Anyway, the movie was good. I saw it at Grant Park in 3D. John Hodgman and whoever did the cat were my favourite voices, and the stop-motion was beautiful. The whole actual quest part of the story felt like it went too quickly. I mean, it looked good and all, but sitting in the theatre it felt like there was tonnes and tonnes of buildup and then boom! it was all over. In a nice neat package. I should know better than to expect the same kind of introspection you get from a book. And maybe I brought all that slow pacing to the book myself. Who knows?
movie review: the sun also rises
The Sun Also Rises (2007) is not a version of the Hemingway novel.
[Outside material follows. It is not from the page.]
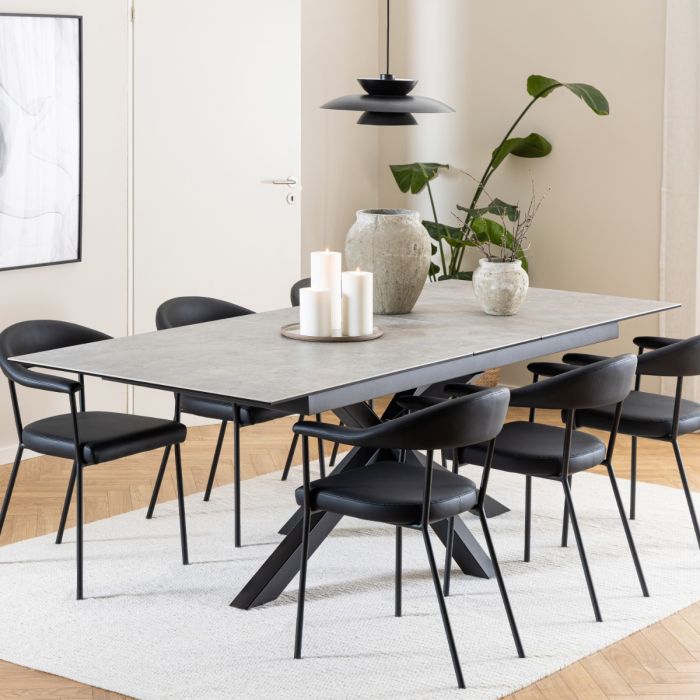 Heaven Ceramic Extendable 6-8 Seater Dining Table - Grey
It’s a Chinese movie directed by (and starring) Wen Jiang. Todd gave me this DVD (and a bunch more) the last time I was in China but I hadn’t watched it until last night. I don’t know why. There’s a son with a fengde mother. Well, she’s only fengde after she loses her fish shoes to a CGI bird. There’s a house in the woods made up of artifacts of her madness and after her son has a sneezing fit inside she’s back to normal before disappearing.
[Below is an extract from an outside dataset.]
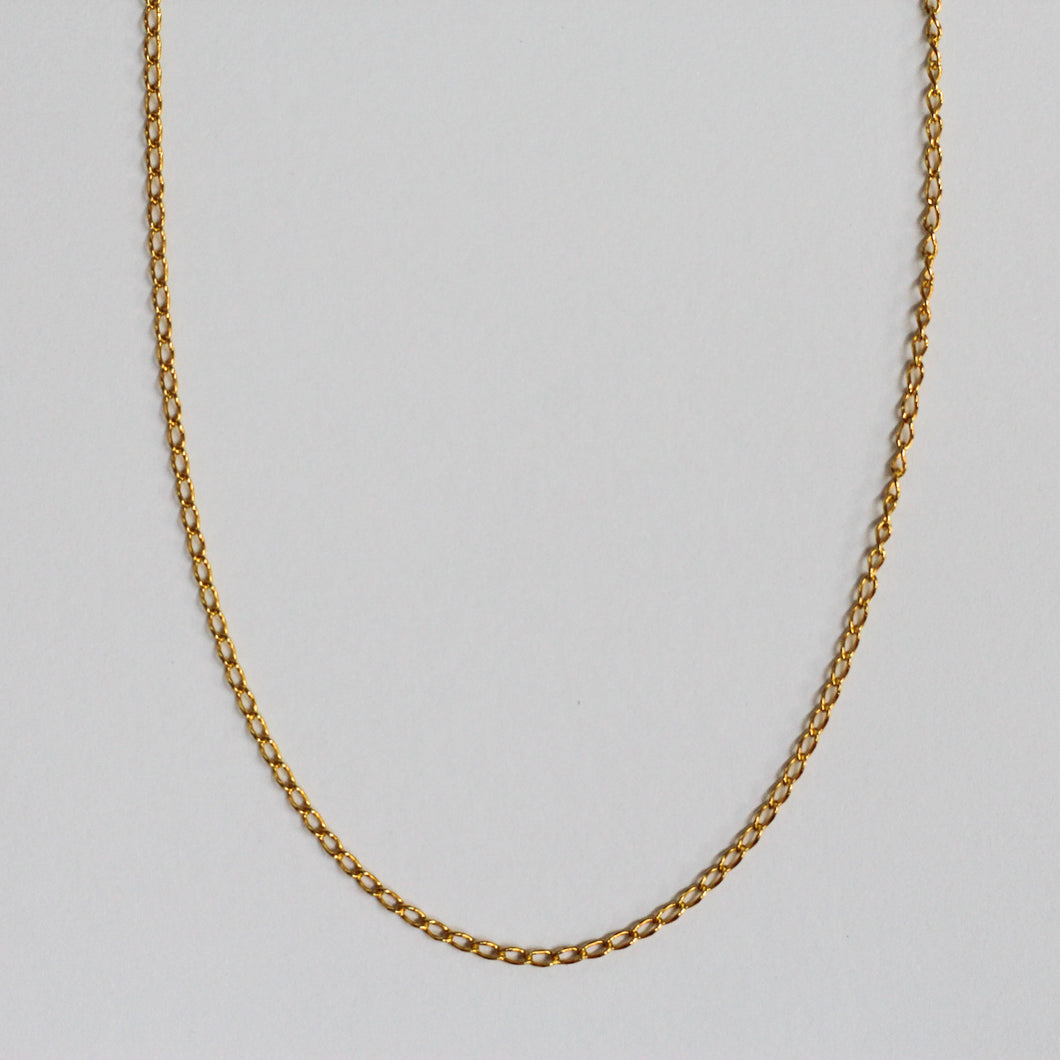 Beyond Southern Gates Contemporary Gold Plate Curb Chain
Then there’s the story of Teacher Liang who’s accused of groping five women at his school. He’s caught and beaten by a horde with flashlights. The flashlight chase scene was so pretty. There are a couple of shots I would frame a frame of and hang it on my wall. Eventually he is exonerated and then kills himself.
Then we jump back to the boy in the village and the teacher’s friend Tang and his wife are out there for him to be re-educated (it’s 1976). The boy’s mother has just disappeared and Tang goes out hunting with the peasant kids, leaving his wife in the shack to have an affair with the boy (who’s like 20) with the fengde mother. Tang finds out and says he’ll kill the boy when he learns what velvet is.
Finally there’s a flashback to 20 years before and Tang’s wife and the boy’s (soon to be since she’s a million months pregnant) mom are riding camels through the desert, one to a wedding and one to claim the body of her dead lover. The boy’s mom gives birth to him in the toilet on the train and she stops the train so she can run back along the tracks to find him. And the sun rises. The end.
The whole thing was kind of crazy and dreamlike and good. It was shot beautifully except for that damned CGI bird. The main thing that bugged me was how many clothes the peasant boy had. He never wore the same thing twice.